If you’re facing more debt than funds, the typical suggestion is to cut down on costs and generate additional income. However, certain methods for getting cash may be more costly than other methods. These are the four methods that should be avoided, if at all possible and the best options really fast loans ipass.

Be careful not to rob an investment plan for retirement

The cost of premature withdrawals is usually high and could leave you with a small amount of savings when you retire. The majority of people have to pay tax penalties and income taxes on your withdrawals, and you also lose all potential tax-deferred compounding future that your can have been earned.

There are alternatives. If you’re employed, you may be able to draw money out of the funds in your 401(k) or stop retirement plan contributions temporarily to free cash. If you’re a member of an Roth IRA, you can withdraw the amount equivalent to the amount you contributed without having to pay penalties or taxes.
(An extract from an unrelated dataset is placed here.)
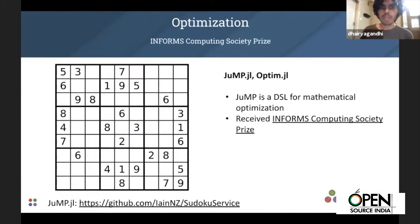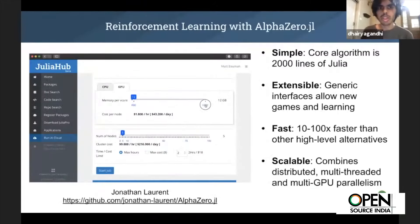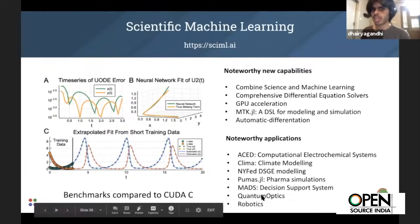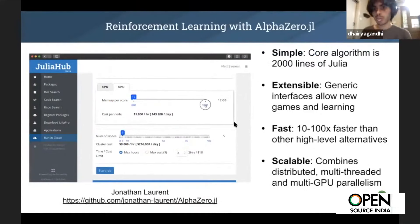More complex projects like Optim and JuMP do numerical optimization. Scientific machine learning incorporates both scientific computing and machine learning, and can scale out with the cloud to a very large degree. There's AlphaZero, a Julian implementation of the AlphaZero algorithm by DeepMind — somewhere between 10 and 100 times faster than other high-level alternatives, in under 2,000 lines of very simple Julia code. You can scale to a very large number of GPUs, showing the power of this approach.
Don’t skimp on health insurance

It’s possible that you’re healthy today but you’re a dangerous incident or disease away from devastating medical expenses.

If you aren’t able to get the option of health insurance coverage through your job, you can check for the Affordable Care Act exchanges at HealthCare.gov. The cost of premiums has been reduced for the majority of people this year and coverage may be provided for free to many, not just those who are receiving unemployment insurance this year.

Also, you can cut down on costs by choosing an insurance plan with a high-deductible. This means that you will have to pay many thousands out of your pocket when you’re injured or sick however, at least you’ll avoid the type of six- or five-figure expenses that could make you bankrupt.

Beware high-cost loans

The most costly ways to borrow is payday loans, car title loans, and loans that do not require the submission of a credit check. These loans are costly and can cause you to get into debt cycle.

If you require help with paying bills, you can start by looking at 211.org an online clearinghouse of the government’s resources and charity’s.

If you are unable to pay for a loan, talk to the lender for hardship options.

If you own an credit card, you might want to consider cash advances. They usually have interest rates of double digits, however high-cost loans generally come with triple-digit rates.

Don’t stiffen the IRS

If you are unable to pay the taxes, then it could be tempting to not submit a tax return. However, failing to file can result in more severe penalties than not having to pay, according to CPA Neal Stern. Furthermore, there’s no time limit on audits if you do not submit. The IRS may pursue you for years to come.

The IRS offers payment plans that let you pay off your tax bill in installments over the course of time. You can also charge a tax payment to the credit card, or think about applying for a personal loan in order to pay for what you have to pay, Stern says.